Why is it that a multi-target model can have a higher accuracy than a single-target model, for the same data categorization task? Conceptually this can happen because the model learns more things about the problem space that might be relevant - for example in the case of rice diseases, the breed of rice may actually determine what diseases it is susceptible to. Mathematically, this can happen because the model is learning to predict multiple outputs, which means that it is learning more about the problem space.
What is the last layer of most neural networks used for? What is are the activations of the last layer of a neural network? The last layer of most neural networks is used to convert the activations of the previous layer into the desired output. The activations of the last layer are the outputs of the model.
What is an embedding and what is it used for? An embedding is a representation of a categorical variable in a lower dimensional space. It is used to represent the categorical variable in a way that is more useful for the model.

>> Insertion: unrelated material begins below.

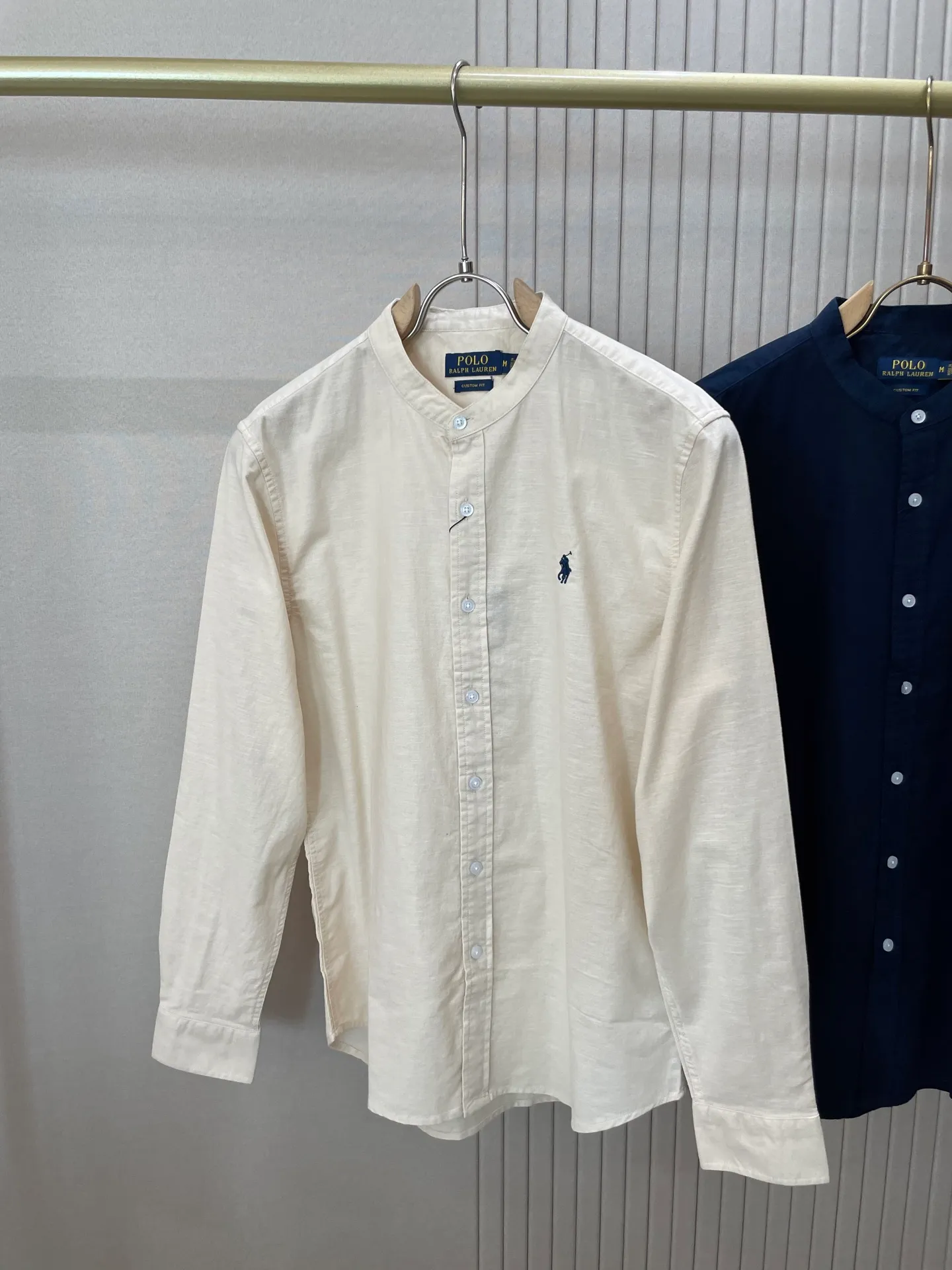 P220 🌸🌸🌸 POLO Ralph Lauren [High Quality] Classic shirt! The classic casual shirt made of pure cotton and linen has a unique design. It has a simple, clean and classic silhouette. It is a versatile style that can be switched at will. The fabric feels soft and delicate, highly breathable, and is close to the skin and comfortable to wear. It can be worn alone as an inner layer. Its versatile performance is beyond your imagination! The upper body of the ready-to-wear is simple and classic yet elegant! Size:M-XXL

What are latent factors? Why are they used? Latent factors are the factors that are used to represent the categorical variable in a lower dimensional space. They are used to represent the categorical variable in a way that is more useful for the model. They can be used without our explicit knowledge of what they are (which is amazing!)
Implment a basic dot product model in PyTorch.

class DotProduct(nn.Module):
    def __init__(self, n_users, n_movies, n_factors):
        super().__init__()
        self.user_factors = nn.Embedding(n_users, n_factors)
        self.movie_factors = nn.Embedding(n_movies, n_factors)
        self.user_bias = nn.Embedding(n_users, 1)
        self.movie_bias = nn.Embedding(n_movies, 1)
        
    def forward(self, user, movie):
        user_factors = self.user_factors(user)
        movie_factors = self.movie_factors(movie)
        user_bias = self.user_bias(user)
        movie_bias = self.movie_bias(movie)
        return (user_factors * movie_factors).sum(1, keepdim=True) + user_bias + movie_bias

How can you use a sigmoid to create a range of predictions? You can use a sigmoid to create a range of predictions by applying it to the output of the model. This will convert the output of the model into a probability between 0 and 1 (which can be scaled to a range of values).
What is the use of the bias in a dot product model? Explain conceptually and mathematically. The bias in a dot product model is used to shift the predicted ratings up or down on the intercept. Conceptually, this is used to account for the fact that some users tend to rate movies higher than others and some movies tend to be rated higher than others (in this case). Mathematically, this is done by adding a bias term to the predicted ratings.
What is another name for weight decay? What does weight decay do? Weight decay is also called L2 regularization. It penalizes the model for having large weights by adding the sum of the squares of the weights to the loss function. This encourages the model to have smaller weights, which can help prevent overfitting.
Why do we use it? What is the equation for it? We use weight decay to prevent overfitting. The equation for it is loss_with_weight_decay = loss + wd * (weights**2).sum(). Or in terms of the gradients, weight.grad += wd * 2 * weights (we can just use a larger or smaller value for wd and ignore the 2).
What is weight decay balancing? Weight decay balancing is the process of finding the right value for weight decay. The idea is that you want to find a value that is large enough to prevent overfitting but not so large that it prevents the model from learning. Larger weights cause the model to be oversensitive to small changes in the input, which reduces its ability to generalize.
What is regularization? Regularization is a technique for preventing overfitting. It is done by adding a term to the loss function that penalizes the model for having large weights. Basically this is another way of talking about weight decay. A model that is “simpler” is regularized and would have smaller weights.